They are persons appointed by the High Court in England to
locate and preserve the assets of the defendant in proceedings in that
jurisdiction pending trial. They
are therefore officers of the English High Court; they do not act for the
plaintiff in those proceedings.
2.
This Court
has not previously had to consider whether it has jurisdiction to recognise
receivers of this nature and accordingly Advocate Dessain has addressed us on
the law.
3.
At the
conclusion of the hearing, the Court granted an order recognising the authority
of the receivers within the jurisdiction, but imposing certain limitations and
restrictions on that authority as compared with the order originally sought by
the Receivers. We now give the
reasons for our decision.
The factual background
4.
The
plaintiff in the English proceedings is JSC BTA Bank (“the Bank”)

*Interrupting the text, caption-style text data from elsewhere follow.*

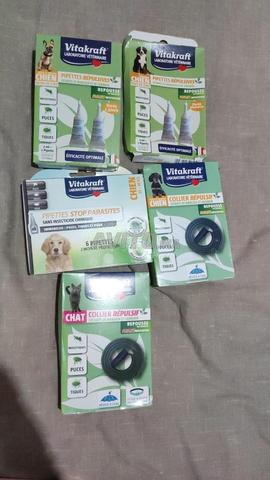 pipettes et colliers anti parasites
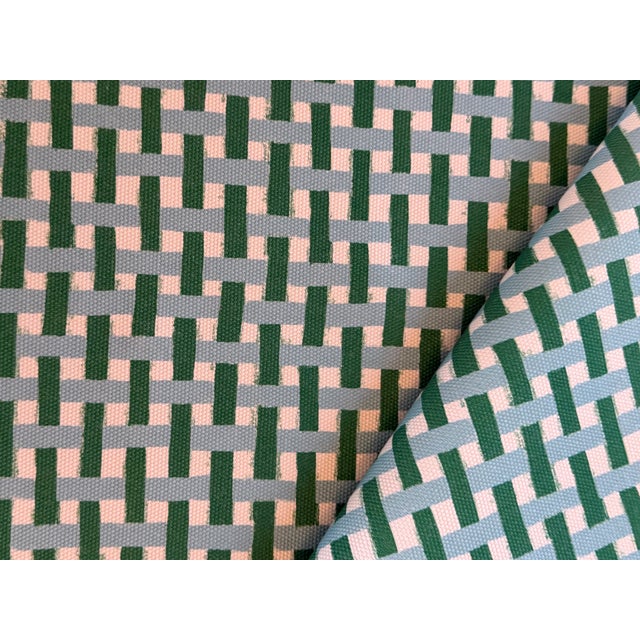 Traditional Basket Weave Fabric by Harlequin 2 1/2 Yards of Cotton Fabric Sophie Robinson Collection For Sale - Image 3 of 5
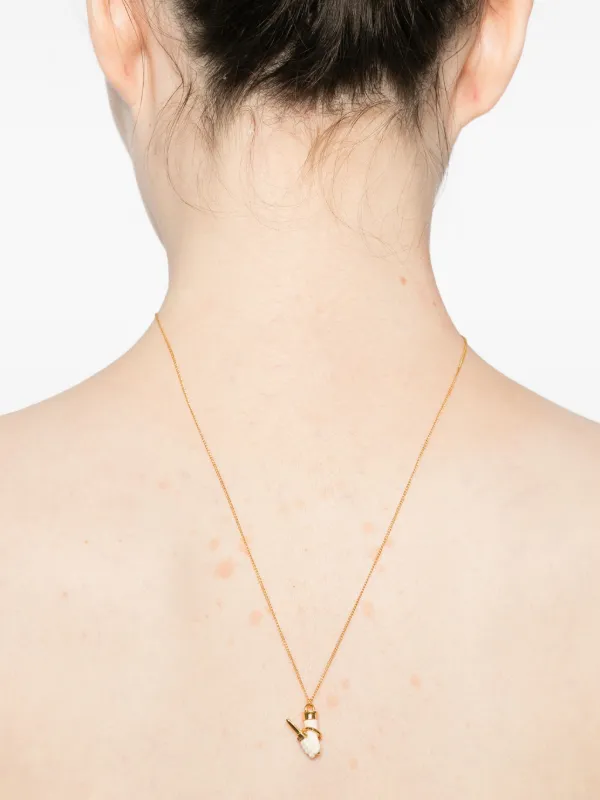 ネックレス undercover gold necklace Undercover Logo Pendant Necklace | Gold | FARFETCH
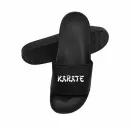 Badeschlappen Karate schwarz | Badeschuhe Badelatschen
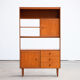 Scandinavian library in vintage teak 1960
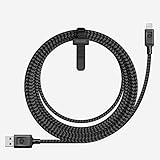 Nomad Lightning Cable - 3 Meter (Apple Mfi Certified) Braided Rugged Lightning to USB Charging Cable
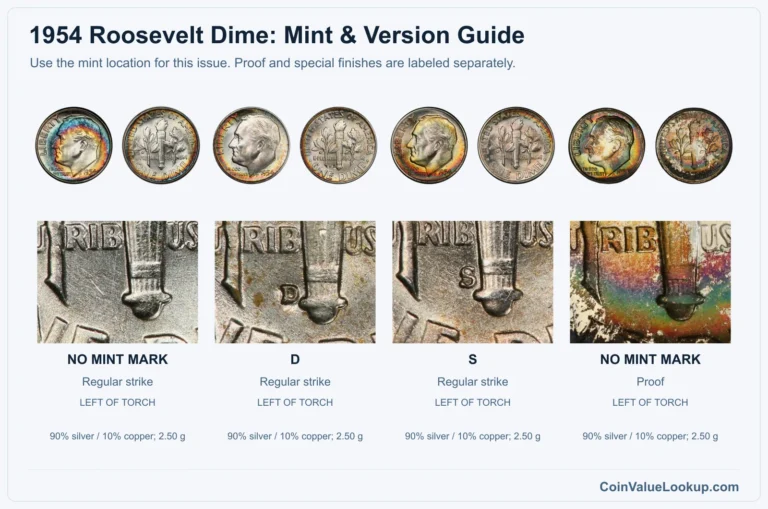 1954 Roosevelt Dime Coin Value: How Much Is It Worth?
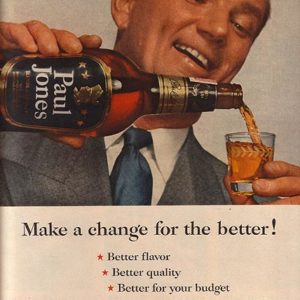 Paul Jones Whiskey Ad 1953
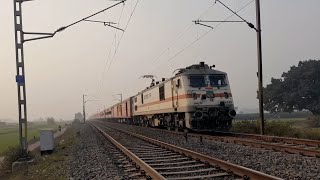 High Speed Crossing 12362 MumbaiCSMT  Asansol SF Express [upl. by Maffa]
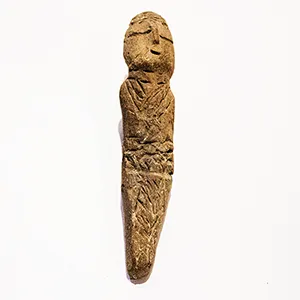 This statuette, made about 1000 years ago, is one of many artifacts left behind by the ancient human inhabitants of central Argentina: a group that, according to a new ancient DNA study, persevered in the region for nearly 8500 years. Credit: Science/Paloma Laguens/IDACOR CONICET/Museo de Antropologías UNC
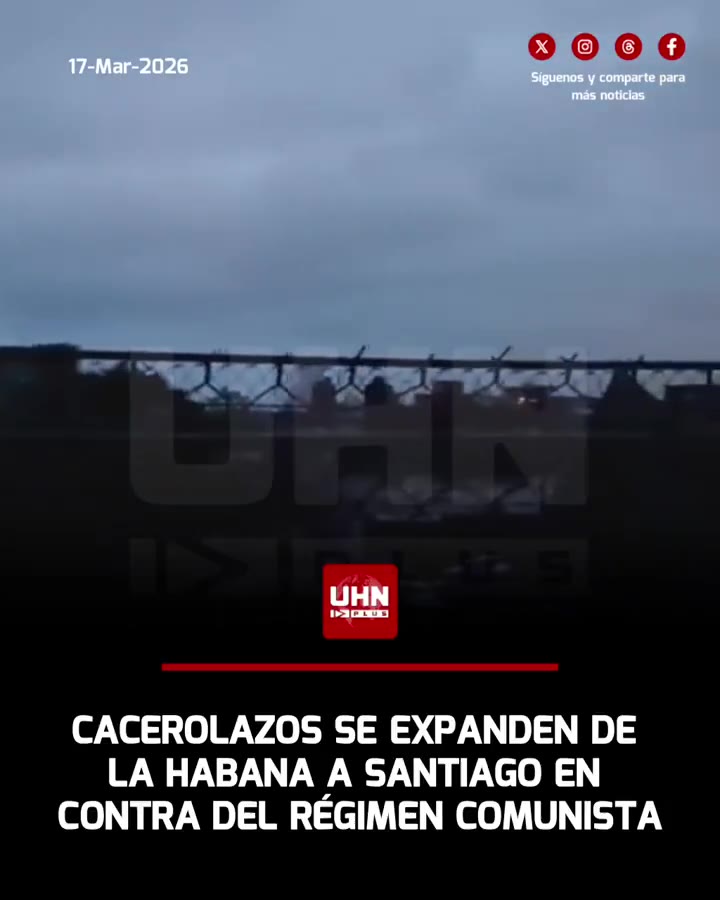 Pot-banging protests erupted in El Vedado (Havana) and also in Santiago de Cuba after prolonged power outages of more than 24 hours, with residents taking to the streets to protest the lack of basic services. Pressure in the streets is mounting as demonstrations multiply.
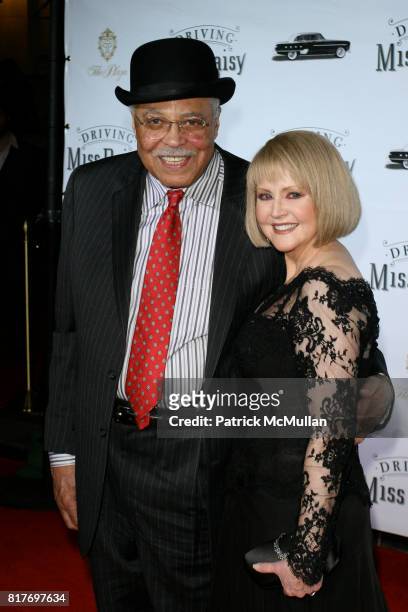 James Earl Jones and Cecilia Hart attend Broadway Premiere of "DRIVING MISS DAISY" at Golden Theatre on October 25, 2010 in New York City.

which is incorporated in Kazakhstan
and is now apparently controlled by the State of Kazakhstan. Proceedings have been brought in the
High Court against Mr Ablyazov and a number of other
defendants. It is alleged that,
whilst he was chairman of the Bank, Mr Ablyazov
misappropriated the Bank’s funds.
At the time of the making of the receivership order, the claim was in
excess of US$1.8 billion but it was said that further claims were anticipated
which would bring the total sum claimed to $4 billion. Mr Ablyazov
denies the claims and states that they are an attempt by the President of
Kazakhstan to take control of Mr Ablyazov’s
assets in support of a politically motivated claim because Mr Ablyazov is a leading figure in Kazakhstan’s democratic
opposition.
5.
Since
January 2009 Mr Ablyazov has resided in London. The proceedings were commenced against
him in August 2009 and a freezing order was issued against him. When he disclosed his assets pursuant to
the freezing order they were said to be worth several billion dollars. He does not hold his assets in his own
name. He uses a complex network of
companies, trusts and nominees around the world because, he says, it is
necessary to protect himself from unlawful depredations by the President of
Kazakhstan.
6.
On 6th
August, 2010, having concluded that Mr Ablyazov had
failed to make full disclosure pursuant to the freezing order, Teare J decided that the freezing order itself may not
provide the Bank with adequate protection against the risk of dissipation of Mr
Ablyazov’s assets prior to trial and
accordingly made an order appointing the Receivers in respect of certain assets
of Mr Ablyazov.
7.
The receivership
order was extended on three further occasions. On 26th January, 2011, it was extended to cover 212
companies listed in the order (referred to as the “undisclosed assets”). In April 2011 it was extended to cover a
further 389 companies (“the further undisclosed assets”) and
finally on 27th May, 2011,
it was extended to cover a further 35 companies (“the additional
undisclosed assets”). In
broad detail the assets now covered by the receivership order consist
principally of the shares in and assets held by, for or on behalf of some 700
companies incorporated in a number of different jurisdictions.
8.
One of the
companies comprised in the additional undisclosed assets is a Jersey
company called Eurasia Logistics Limited (“Eurasia”)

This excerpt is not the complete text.